Сергей болен. Что могло случиться за пять дней, в течение которых мы не видели его? Стало тревожно, но успокаивало то, что теперь рядом с ним Василий Федорович, свой человек. Через три часа к нам снова пришел нарочный с почты и на этот раз принес нам еще две телеграммы: одну из Москвы от Анны Абрамовны Берзинь, которая писала: «Случилось несчастье приезжайте ко мне», и вторую от Василия Федоровича из Ленинграда с сообщением о смерти Сергея. Дом наш наполнился плачем и суматохой. Нужно было немедленно выезжать, хотя поезд уходил с нашей станции поздно вечером, но наступали уже сумерки, а за последние дни на дороги намело горы снега, через которые нужно было пробираться до станции.[14]

  — Александра Есенина, «Родное и близкое, 1979

Метель в беллетристике и художественной прозе[править]

  •  

Но едва Владимир выехал за околицу в поле, как поднялся ветер и сделалась такая метель, что он ничего не взвидел.
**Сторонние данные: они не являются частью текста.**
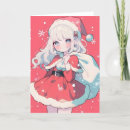 Search for anime christmas cards Santa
В одну минуту дорогу занесло; окрестность исчезла во мгле мутной и желтоватой, сквозь которую летели белые хлопья снегу; небо слилося с землею. Владимир очутился в поле и напрасно хотел снова попасть на дорогу; лошадь ступала наудачу и поминутно то взъезжала на сугроб, то проваливалась в яму; сани поминутно опрокидывались. — Владимир старался только не потерять настоящего направления. Но ему казалось, что уже прошло более получаса, а он не доезжал еще до Жадринской рощи. Прошло еще около десяти минут; рощи все было не видать. Владимир ехал полем, пересеченным глубокими оврагами. Метель не утихала, небо не прояснялось. Лошадь начинала уставать, а с него пот катился градом, не смотря на то, что он поминутно был по пояс в снегу.[1]

  Александр Пушкин, «Повести покойного Ивана Петровича Белкина» («Метель»), 1830
  •  

Метель становилась сильнее и сильнее, и сверху снег шел сухой и мелкий; казалось, начинало подмораживать: нос и щеки сильнее зябли, чаще пробегала под шубу струйка холодного воздуха, и надо было запахиваться. Изредка сани постукивали по голому обледенелому черепку, с которого снег сметало. Так как я, не ночуя, ехал уже шестую сотню верст, несмотря на то, что меня очень интересовал исход нашего плутания, я невольно закрывал глаза и задремывал. Раз, когда я открыл глаза, меня поразил, как мне показалось в первую минуту, яркий свет, освещавший белую равнину: горизонт значительно расширился, черное низкое небо вдруг исчезло, со всех сторон видны были белые косые линии падающего снега; фигуры передовых троек виднелись яснее, и когда я посмотрел вверх, мне показалось в первую минуту, что тучи разошлись и что только падающий снег застилает небо. В то время как я вздремнул, взошла луна и бросала сквозь неплотные тучи и падающий снег свой холодный и яркий свет. Одно, что я видел ясно, — это были мои сани, лошади, ямщик и три тройки, ехавшие впереди: первая — курьерская, в которой все так же на облучке сидел один ямщик и гнал крупной рысью; вторая, в которой, бросив вожжи и сделав себе из армяка затишку, сидели двое и не переставая курили трубочку, что видно было по искрам, блестевшим оттуда; и третья, в которой никого не видно было и, предположительно, ямщик спал в середине. Передовой ямщик, однако, когда я проснулся, изредка стал останавливать лошадей и искать дороги. Тогда, только что мы останавливались, слышнее становилось завывание ветра и виднее поразительно огромное количество снега, носящегося в воздухе. Мне видно было, как при лунном, застилаемом метелью свете невысокая фигура ямщика с кнутовищем в руке, которым он ощупывал снег впереди себя, двигалась взад и вперед в светлой мгле, снова подходила к саням, вскакивала бочком на передок, и слышались снова среди однообразного свистения ветра ловкое, звучное покрикиванье и звучание колокольчиков.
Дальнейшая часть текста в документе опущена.